Leading this charge is Bitfarms, which has announced plans to wind down its Bitcoin mining operations at its Washington State facility by 2026–27. The site is being converted into a GPU-as-a-Service hub, supported by a $128 million deal to install liquid-cooled Nvidia GB300 hardware. Similarly, IREN has secured multibillion-dollar GPU cloud agreements with partners like Microsoft, effectively transforming its power capacity into a long-term AI compute asset.
The shift is also reflected in corporate treasury management. Bitdeer Technologies, a major mining host, reported holding zero bitcoin as of February 20, 2025, after liquidating its entire corporate stash—which included approximately 2,000 BTC at the end of 2025. The company stated this capital reallocation funds its pivot into AI infrastructure, including the deployment of NVIDIA GB200 NVL72 systems in Malaysia and the conversion of several mining sites to AI data centers.

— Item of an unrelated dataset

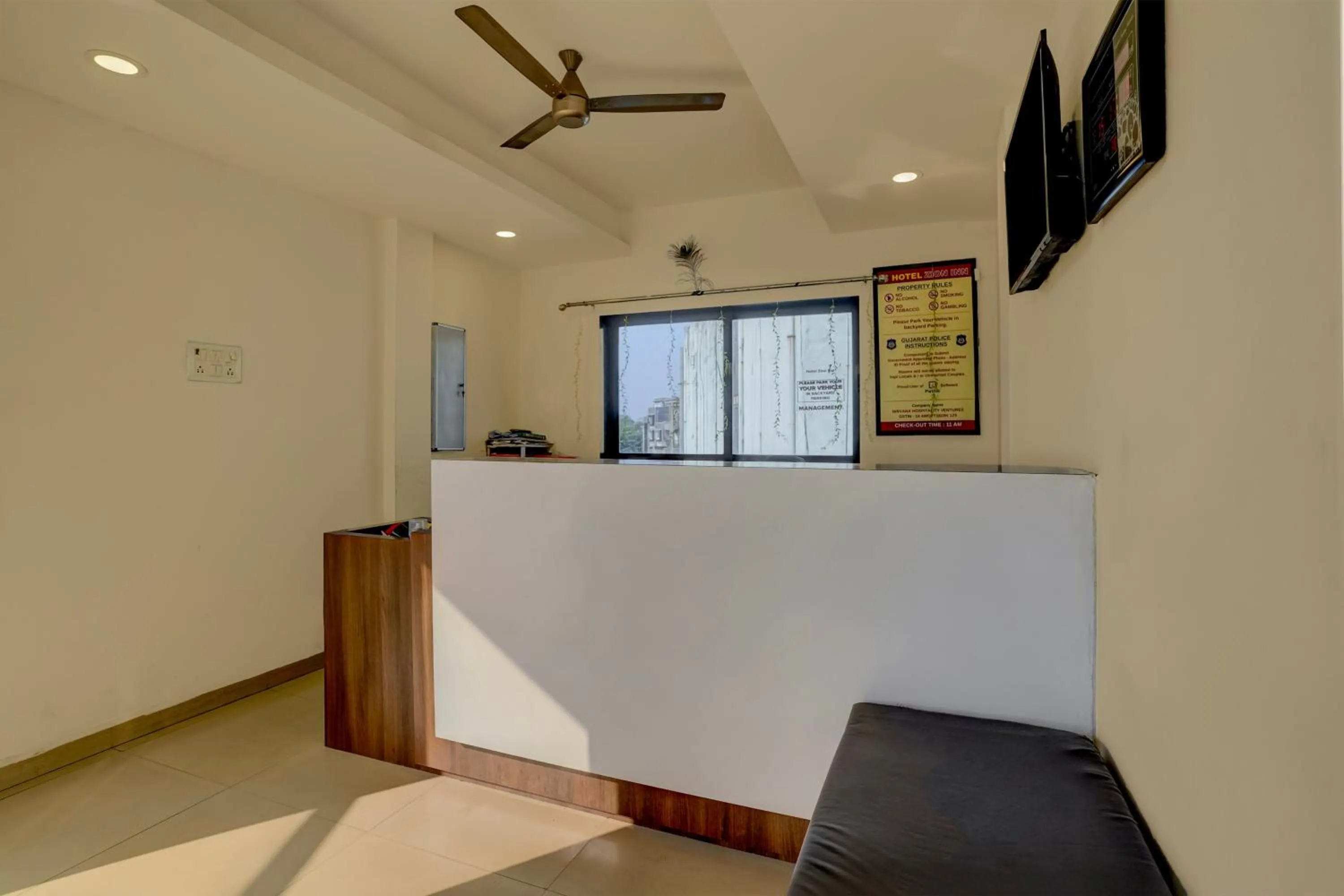 Lobby or reception in Hotel O Vapi GIDC Formerly Zion Inn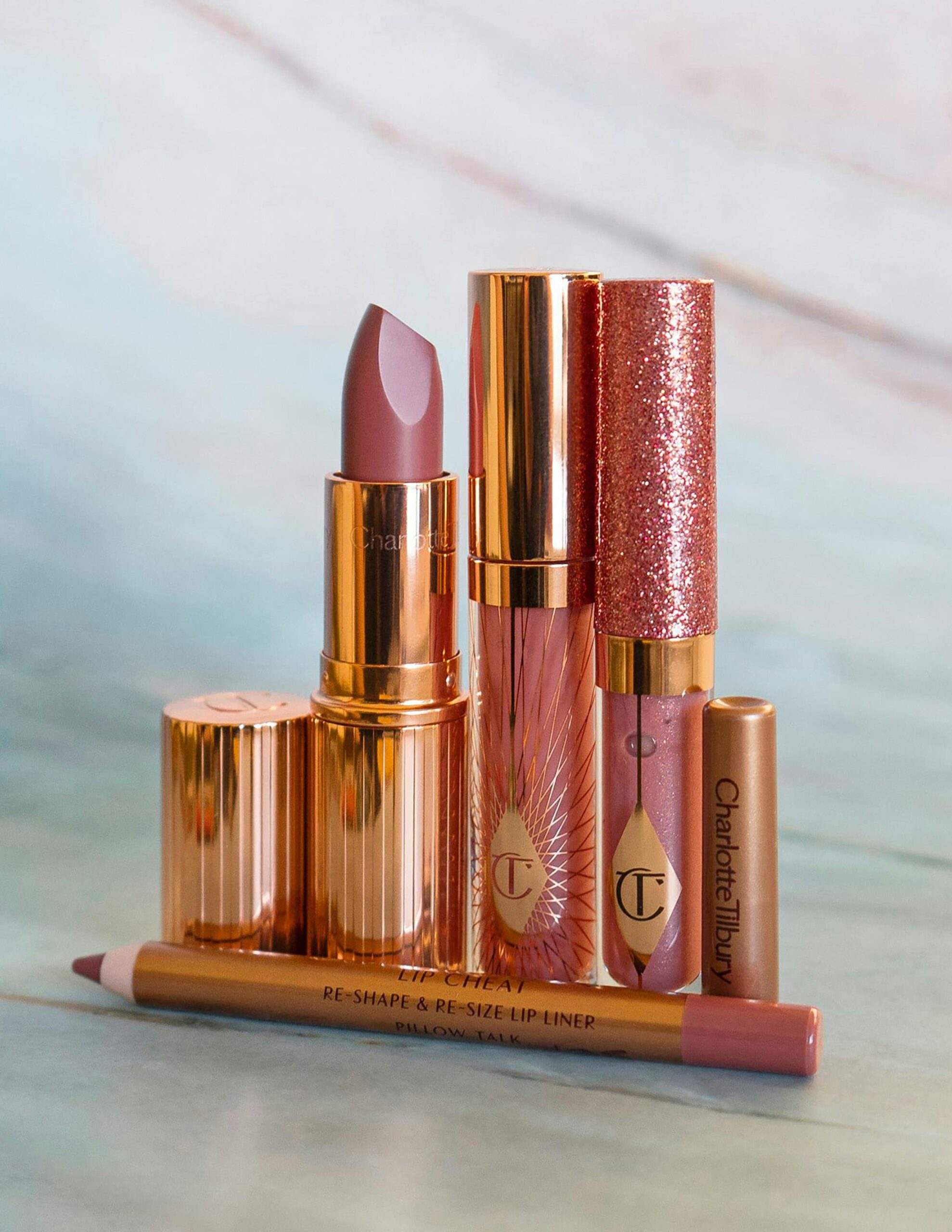 50代の肌悩みにデパコス美容液は必要？高級ブランドが持つ研究背景や最新成分の価値、そして肌を健やかに保つための現実的な向き合い方を解説します。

Converging Trends: Energy, Crypto, and AI
The simultaneous trends—traditional energy companies like Engie exploring crypto mining for curtailment mitigation, and crypto miners themselves moving toward AI—highlight a larger narrative of energy asset optimization. Both scenarios involve leveraging massive, reliable power supplies for computationally intensive, power-intensive industries. For Engie, bitcoin mining could be a temporary solution to a grid problem; for former bitcoin miners, AI represents a more sustainable, higher-margin future. The common thread is the strategic repurposing of energy and infrastructure in response to evolving economic and regulatory landscapes.
As these sectors evolve, the intersection of renewable energy policy, grid modernization, and digital asset computing will likely produce more hybrid models, where flexible demand becomes an integral part of the energy transition toolkit.